ECLI:NL:GHSHE:2023:2399
Gerechtshof 's-Hertogenbosch
- Hoger beroep
- Rechtspraak.nl
Opheffing van bewind over goederen van de rechthebbende na verbetering van psychische toestand en taalkennis
In deze zaak heeft het Gerechtshof 's-Hertogenbosch op 20 juli 2023 uitspraak gedaan in hoger beroep over de opheffing van het bewind over de goederen van de rechthebbende. De rechthebbende, die in hoger beroep ging tegen een eerdere beschikking van de kantonrechter van de rechtbank Zeeland-West-Brabant, stelde dat het bewind ten onrechte was ingesteld en dat de gronden voor onderbewindstelling inmiddels niet meer aanwezig waren. De kantonrechter had op 13 december 2021 het bewind ingesteld vanwege de lichamelijke en geestelijke toestand van de rechthebbende, die destijds kampte met psychische klachten als gevolg van de coronamaatregelen.

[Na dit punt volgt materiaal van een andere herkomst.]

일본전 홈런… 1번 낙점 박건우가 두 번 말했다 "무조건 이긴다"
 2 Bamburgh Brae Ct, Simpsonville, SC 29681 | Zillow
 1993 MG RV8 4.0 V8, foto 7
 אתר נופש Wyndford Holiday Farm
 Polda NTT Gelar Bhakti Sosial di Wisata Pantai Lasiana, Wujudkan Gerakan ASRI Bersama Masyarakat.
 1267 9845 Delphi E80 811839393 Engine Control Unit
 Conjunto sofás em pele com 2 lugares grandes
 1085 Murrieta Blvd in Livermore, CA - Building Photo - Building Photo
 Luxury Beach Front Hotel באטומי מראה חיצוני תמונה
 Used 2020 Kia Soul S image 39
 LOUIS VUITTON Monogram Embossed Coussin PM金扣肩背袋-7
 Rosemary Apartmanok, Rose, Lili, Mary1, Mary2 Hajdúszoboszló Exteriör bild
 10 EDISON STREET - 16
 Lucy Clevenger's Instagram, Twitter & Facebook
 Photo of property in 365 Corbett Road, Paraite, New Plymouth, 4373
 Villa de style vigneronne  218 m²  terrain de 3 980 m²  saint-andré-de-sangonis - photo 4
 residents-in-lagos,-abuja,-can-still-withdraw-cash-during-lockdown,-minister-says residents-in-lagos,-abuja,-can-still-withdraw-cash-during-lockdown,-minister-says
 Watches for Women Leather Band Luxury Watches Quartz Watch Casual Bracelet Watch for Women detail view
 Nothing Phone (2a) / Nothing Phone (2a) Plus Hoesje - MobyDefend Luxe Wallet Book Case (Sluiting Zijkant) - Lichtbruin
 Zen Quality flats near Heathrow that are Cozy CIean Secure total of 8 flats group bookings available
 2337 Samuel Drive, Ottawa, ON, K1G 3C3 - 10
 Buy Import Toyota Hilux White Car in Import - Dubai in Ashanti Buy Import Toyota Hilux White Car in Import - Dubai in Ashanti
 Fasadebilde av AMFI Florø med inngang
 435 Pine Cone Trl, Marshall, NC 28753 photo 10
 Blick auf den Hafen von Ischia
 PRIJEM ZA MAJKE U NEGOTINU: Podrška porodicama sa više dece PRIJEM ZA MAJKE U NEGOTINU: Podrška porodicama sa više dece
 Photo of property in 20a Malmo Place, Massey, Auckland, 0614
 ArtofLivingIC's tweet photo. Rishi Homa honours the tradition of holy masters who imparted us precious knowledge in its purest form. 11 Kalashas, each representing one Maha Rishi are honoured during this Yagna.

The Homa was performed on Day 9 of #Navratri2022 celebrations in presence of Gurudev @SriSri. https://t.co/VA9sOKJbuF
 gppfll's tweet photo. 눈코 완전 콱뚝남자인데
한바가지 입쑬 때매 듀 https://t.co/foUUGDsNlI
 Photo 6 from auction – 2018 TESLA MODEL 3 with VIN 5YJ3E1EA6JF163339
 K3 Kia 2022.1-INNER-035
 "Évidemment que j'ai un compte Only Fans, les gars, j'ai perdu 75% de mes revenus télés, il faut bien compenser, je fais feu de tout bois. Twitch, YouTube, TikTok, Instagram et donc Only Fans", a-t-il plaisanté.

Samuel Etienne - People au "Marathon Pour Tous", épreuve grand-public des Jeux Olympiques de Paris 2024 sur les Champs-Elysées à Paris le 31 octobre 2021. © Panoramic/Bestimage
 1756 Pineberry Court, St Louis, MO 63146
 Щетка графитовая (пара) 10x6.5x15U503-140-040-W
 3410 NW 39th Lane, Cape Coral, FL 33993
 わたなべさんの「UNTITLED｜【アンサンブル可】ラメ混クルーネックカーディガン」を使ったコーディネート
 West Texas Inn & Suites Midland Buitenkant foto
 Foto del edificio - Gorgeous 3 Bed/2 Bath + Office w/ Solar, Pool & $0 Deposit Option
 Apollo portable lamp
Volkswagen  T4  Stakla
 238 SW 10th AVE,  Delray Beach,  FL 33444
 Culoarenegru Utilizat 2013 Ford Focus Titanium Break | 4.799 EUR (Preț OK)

In het hoger beroep heeft de rechthebbende aangevoerd dat zijn situatie is verbeterd. Hij heeft een intensieve taalcursus gevolgd en is in behandeling geweest bij een psycholoog. De rechthebbende is van mening dat hij nu in staat is om zijn financiële belangen zelf te behartigen. De bewindvoerder heeft zich gerefereerd aan het oordeel van het hof, maar meent dat de noodzaak voor het bewind nog steeds bestaat. Het hof heeft de argumenten van beide partijen zorgvuldig afgewogen.
Het hof heeft vastgesteld dat de rechthebbende zijn psychische toestand en taalkennis heeft verbeterd. Hij heeft een stabiele financiële situatie en is zich bewust van zijn verplichtingen. Gezien deze verbeteringen heeft het hof geoordeeld dat de noodzaak voor het bewind niet langer bestaat. Het hof heeft de beschikking van de rechtbank vernietigd en het verzoek van de rechthebbende om het bewind op te heffen toegewezen, met ingang van 15 augustus 2023. De proceskosten in hoger beroep zijn gecompenseerd, waarbij iedere partij de eigen kosten draagt.